Material to process.
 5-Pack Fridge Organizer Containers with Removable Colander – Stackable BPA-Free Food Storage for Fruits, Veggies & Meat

* * *

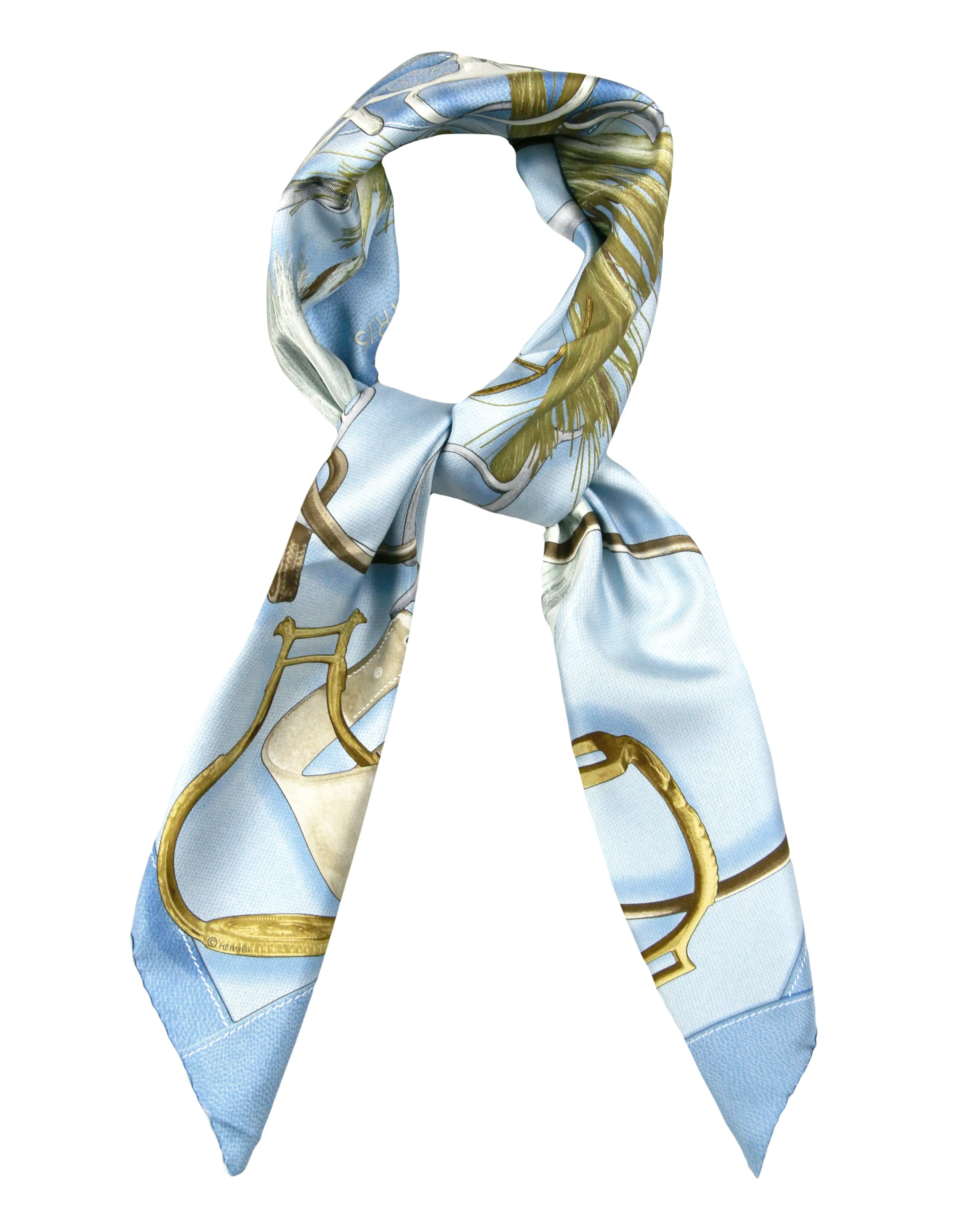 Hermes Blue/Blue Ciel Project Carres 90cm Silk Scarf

* * *

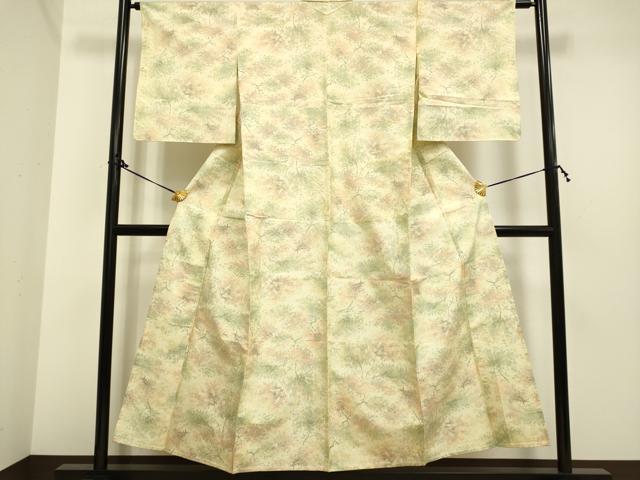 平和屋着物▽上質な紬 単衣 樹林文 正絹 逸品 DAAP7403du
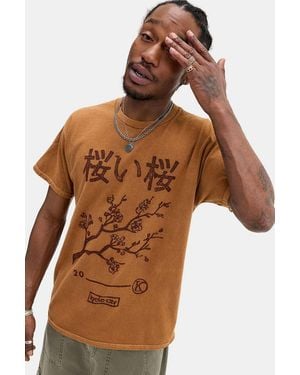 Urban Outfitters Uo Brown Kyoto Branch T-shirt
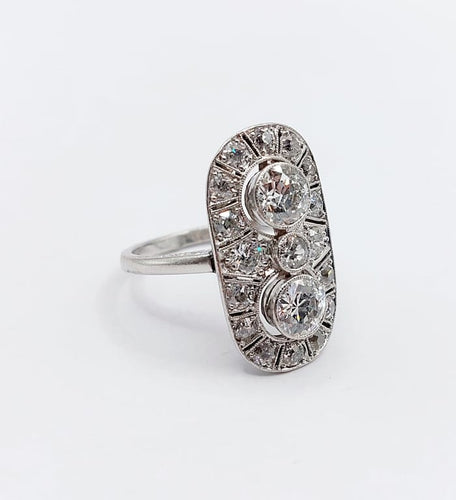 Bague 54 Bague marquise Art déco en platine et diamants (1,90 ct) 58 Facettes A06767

Exercise requirements.
The output is the stretch above from the line with "平和屋着物▽上質な紬 単衣 樹林文 正絹 逸品 DAAP7403du" through the line with "Bague 54 Bague", copied word for word with both ends kept and every picture dropped.

Exercise response.
 平和屋着物▽上質な紬 単衣 樹林文 正絹 逸品 DAAP7403du
 Urban Outfitters Uo Brown Kyoto Branch T-shirt
 Bague 54 Bague marquise Art déco en platine et diamants (1,90 ct) 58 Facettes A06767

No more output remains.